» **Aim of the task**: Search the records for the string "Blue" and copy every line in which it appears.

##### Supplied data

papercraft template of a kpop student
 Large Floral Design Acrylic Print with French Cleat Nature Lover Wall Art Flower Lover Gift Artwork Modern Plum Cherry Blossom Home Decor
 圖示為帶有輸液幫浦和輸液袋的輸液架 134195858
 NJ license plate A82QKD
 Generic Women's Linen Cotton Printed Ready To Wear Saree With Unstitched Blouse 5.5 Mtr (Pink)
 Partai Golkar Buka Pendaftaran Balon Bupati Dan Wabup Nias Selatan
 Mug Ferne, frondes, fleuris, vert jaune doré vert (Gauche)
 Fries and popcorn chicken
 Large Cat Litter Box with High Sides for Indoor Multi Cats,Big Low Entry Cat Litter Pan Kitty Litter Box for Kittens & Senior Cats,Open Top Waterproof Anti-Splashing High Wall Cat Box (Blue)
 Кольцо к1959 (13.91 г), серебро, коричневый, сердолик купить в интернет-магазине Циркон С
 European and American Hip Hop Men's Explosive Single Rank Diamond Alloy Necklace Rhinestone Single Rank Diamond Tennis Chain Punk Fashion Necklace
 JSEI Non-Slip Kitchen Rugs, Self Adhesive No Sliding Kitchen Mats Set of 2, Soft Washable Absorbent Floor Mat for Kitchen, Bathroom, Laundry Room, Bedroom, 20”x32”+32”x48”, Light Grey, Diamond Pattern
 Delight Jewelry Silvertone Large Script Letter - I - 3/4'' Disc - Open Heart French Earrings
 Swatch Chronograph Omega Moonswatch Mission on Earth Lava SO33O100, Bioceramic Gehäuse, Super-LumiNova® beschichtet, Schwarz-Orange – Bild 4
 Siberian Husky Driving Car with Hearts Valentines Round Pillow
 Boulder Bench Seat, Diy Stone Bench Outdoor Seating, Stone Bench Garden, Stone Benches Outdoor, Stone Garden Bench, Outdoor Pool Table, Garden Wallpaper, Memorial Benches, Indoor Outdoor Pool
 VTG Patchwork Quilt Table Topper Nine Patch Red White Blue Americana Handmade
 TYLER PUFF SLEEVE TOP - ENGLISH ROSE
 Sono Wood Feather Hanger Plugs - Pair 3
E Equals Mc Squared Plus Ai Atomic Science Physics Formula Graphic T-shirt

##########

» **Output for this exercise**:
 Large Cat Litter Box with High Sides for Indoor Multi Cats,Big Low Entry Cat Litter Pan Kitty Litter Box for Kittens & Senior Cats,Open Top Waterproof Anti-Splashing High Wall Cat Box (Blue)
 VTG Patchwork Quilt Table Topper Nine Patch Red White Blue Americana Handmade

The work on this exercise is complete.